Manisha’s personal romantic history has been a subject of much media attention, often intertwined with her struggles with alcoholism and her later battle with cancer.
1. The Most Talked About: Relationship with a Married Man (Name not officially confirmed, widely speculated to be actor) For much of the 1990s and early 2000s, Manisha was linked to a high-profile, married Indian actor. She has never publicly named him, but in her memoir, Healed: How Cancer Gave Me a New Life, she describes a devastating, decade-long affair with a co-star who was a "family man."
2. The Public Romance: with a Nepali Businessman In the early 2000s, she was in a high-profile relationship with a businessman from Nepal. This relationship was more public and seemed stable for a while. However, it ended due to cultural pressures and differences in expectations regarding family and career. Www Actress Manisha Koirala Sex Ek Chotisi Love Story 3gp
3. The Brief Marriage: with Samrat Dahal (2010–2012) In a surprise move, Manisha married Nepali businessman Samrat Dahal in 2010. It was a traditional, grand wedding.
4. Post-Cancer: A New Chapter of Self-Love Since surviving cancer and divorcing, Manisha has publicly stated that she is not looking for marriage or a traditional relationship. She focuses on her health, spirituality, travel, and work.

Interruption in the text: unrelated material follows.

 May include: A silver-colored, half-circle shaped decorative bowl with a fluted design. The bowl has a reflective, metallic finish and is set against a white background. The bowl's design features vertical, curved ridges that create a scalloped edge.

She has spoken about finding peace alone and that romantic love is no longer a priority. This is her current, most empowering storyline: learning to love herself first. Manisha’s personal romantic history has been a subject
Born into the politically powerful Koirala family of Nepal (her granduncle was Prime Minister B.P. Koirala), Manisha moved to Mumbai as a teenager. She has admitted to falling in love easily, intensely, and often with the wrong men. In her own words from Healed: “I confused intensity with intimacy. If a man created drama, I thought it was passion.”
Her early relationships in the 90s were with co-stars and men outside the film industry. While she has refused to name names (except for one significant relationship she later detailed), rumors linked her to several leading men. However, Koirala always maintained that the film industry’s pressure cooker environment made genuine connection difficult. “Everyone wanted to date the ‘Bombay girl’,” she once said. “But no one wanted to stay for the quiet morning after.” in my late 30s
Manisha has always been private, but her memoirs (Healed: How Cancer Gave Me a New Life) and interviews have revealed a complex love life filled with deep passion and painful lessons.
She once said that playing Meghna taught her about the danger of unhealed trauma. “Meghna cannot love because she has been broken by the state. I realized, in my late 30s, that I could not love properly because I had been broken by childhood patterns that I never addressed.” The character’s explosive rage, she noted, was a metaphor for her own internal explosions in relationships—the silent treatments, the sudden departures, the fear of being abandoned first.